▶ [AIM OF THE EXERCISE]:
Retype, exactly as they appear below, the lines between the line holding "CHRISTMAS TREE CHAIN" and the line holding "Dancehall Queen by Irina on Dribbble", both ends included.

▶ [LISTED ENTRIES]:
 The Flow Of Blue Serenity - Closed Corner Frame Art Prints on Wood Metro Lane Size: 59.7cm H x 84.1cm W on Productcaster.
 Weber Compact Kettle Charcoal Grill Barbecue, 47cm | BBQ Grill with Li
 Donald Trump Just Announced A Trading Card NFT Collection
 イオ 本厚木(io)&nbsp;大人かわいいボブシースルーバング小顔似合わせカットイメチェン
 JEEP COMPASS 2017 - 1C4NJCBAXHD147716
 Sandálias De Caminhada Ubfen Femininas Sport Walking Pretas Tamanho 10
==
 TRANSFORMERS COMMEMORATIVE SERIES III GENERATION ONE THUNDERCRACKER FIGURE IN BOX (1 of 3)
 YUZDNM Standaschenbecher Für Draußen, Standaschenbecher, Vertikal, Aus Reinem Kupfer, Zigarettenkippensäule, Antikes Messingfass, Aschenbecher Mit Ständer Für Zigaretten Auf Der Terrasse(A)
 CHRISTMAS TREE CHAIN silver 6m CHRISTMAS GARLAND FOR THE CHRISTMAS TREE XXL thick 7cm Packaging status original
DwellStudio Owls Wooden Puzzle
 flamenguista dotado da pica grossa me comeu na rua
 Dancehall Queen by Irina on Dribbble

▶ [TASK RESPONSE]:
 CHRISTMAS TREE CHAIN silver 6m CHRISTMAS GARLAND FOR THE CHRISTMAS TREE XXL thick 7cm Packaging status original
DwellStudio Owls Wooden Puzzle
 flamenguista dotado da pica grossa me comeu na rua
 Dancehall Queen by Irina on Dribbble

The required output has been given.